- **Work to be completed**
Restate verbatim the span of lines below between the line with "The Carpentries are" and the line with "This is Kessel", including those two lines, and only that span.

- **Provided data**
● ● ● ● ● ● ●
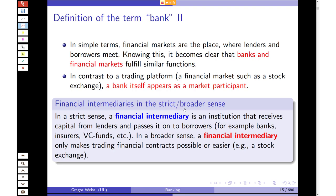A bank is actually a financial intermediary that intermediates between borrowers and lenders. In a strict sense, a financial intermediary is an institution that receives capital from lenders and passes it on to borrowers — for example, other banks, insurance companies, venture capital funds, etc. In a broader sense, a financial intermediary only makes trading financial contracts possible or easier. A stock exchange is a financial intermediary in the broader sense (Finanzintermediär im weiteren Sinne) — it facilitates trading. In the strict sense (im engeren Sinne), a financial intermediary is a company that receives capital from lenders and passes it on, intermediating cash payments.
● ● ● ● ● ● ●
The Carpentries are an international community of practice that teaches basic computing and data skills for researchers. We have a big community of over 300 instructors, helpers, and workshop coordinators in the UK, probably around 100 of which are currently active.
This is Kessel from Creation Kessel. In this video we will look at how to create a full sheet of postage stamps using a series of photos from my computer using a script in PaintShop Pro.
● ● ● ● ● ● ●
- **Exercise result**
The Carpentries are an international community of practice that teaches basic computing and data skills for researchers. We have a big community of over 300 instructors, helpers, and workshop coordinators in the UK, probably around 100 of which are currently active.
This is Kessel from Creation Kessel. In this video we will look at how to create a full sheet of postage stamps using a series of photos from my computer using a script in PaintShop Pro.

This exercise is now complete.